You could ask the owner for a copy of the house rules but you are more likely to encourage the management company to request that you be replaced as you are a probelem tenant for them!


----------



## Majka N (23 Mar 2012)

@ ontour - thank you for taking your time to reply to my posts. However I feel rather dismayed by the tone of your reply.

There are 3 staircases in the apartment block – please see my first post. None of them has a sign stating it is an emergency staircase but they clearly are. What is the point of this question?

Ownership of the stairs – I don’t believe the management company owns it. I would think that they manage the property but do not own it. I am not obstructing an emergency escape route nor causing disruption to other residents. What is the problem then? 

House Rules - great idea, will ask for a copy. But please tell me – why would the management company see me as a _‘problem tenant’_ and want to_ ‘replace me’_ if I do so?


----------



## Majka N (23 Mar 2012)

It would be great if you could please help me find an answer to my initial questions:

Do I have to stop using the staircase? And if yes – why? 

Surely the answer is not ‘because the management company says so’?


----------



## elcato (23 Mar 2012)

> Surely the answer is not ‘because the management company says so’?
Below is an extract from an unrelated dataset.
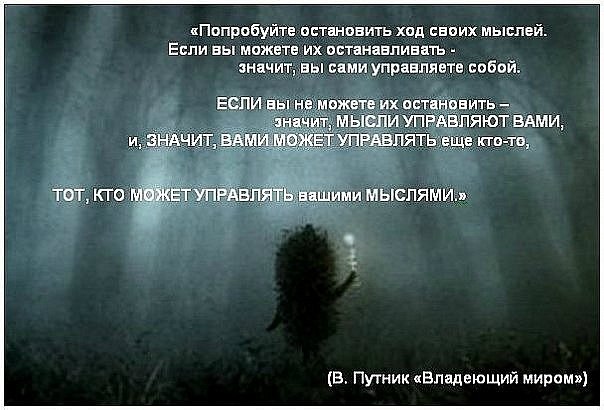 Антон Горыня | Санкт-Петербург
The apartments are managed by the management company but the directors of the company are actual owners who are elected by all the owners to act on their behalf. They generally instruct the management company on how they wish them to carry out their tasks. I would think that some of the owners in the block see you exercising and object directly to the management company and instruct them on how they wish the situation to be handled. So I'm afraid the answer here is yes as far as your concerned because you are not either an owner nor a director. The only thing you could do is ask your landlord why are there objections or these particular rules I guess. He may decide to confront the board regarding the issue if he thinks you are a good tenant and does not want to lose you.
BTW - This is a discussion forum so I don't know why you question the 'tone' of ontour's reply. his answers are factual even if you don't like them.

My posts crossed here with ontour.


----------



## ontour (23 Mar 2012)

It is because the management company says so.  They decide the house rules.

If they let you use the common area as a gym then they should let parents use it as a play area for their children.  Management companies are run by volunteer directors, they have to keep things very simple to reduce the effort on their part so they tend to be inflexible.  

The management company is the structure in which the common areas vest.  The management company is owned by all the unit owners who appoint directors to oversee it.  They usually retain a management agent to deal with the day to day issues and interactions with residents.

In a multi unit development you implicitly subscribe to the 'culture' that the management company set.  At least as a tenant you have the option to move to a different development who may not have an issue with your use of the common area.


----------



## Majka N (24 Mar 2012)

@ elcato and @ontour - thank you so much for explaining it to me, it is most helpful.

Thank you everyone for helping me out.

Have a great weekend!

Majka


----------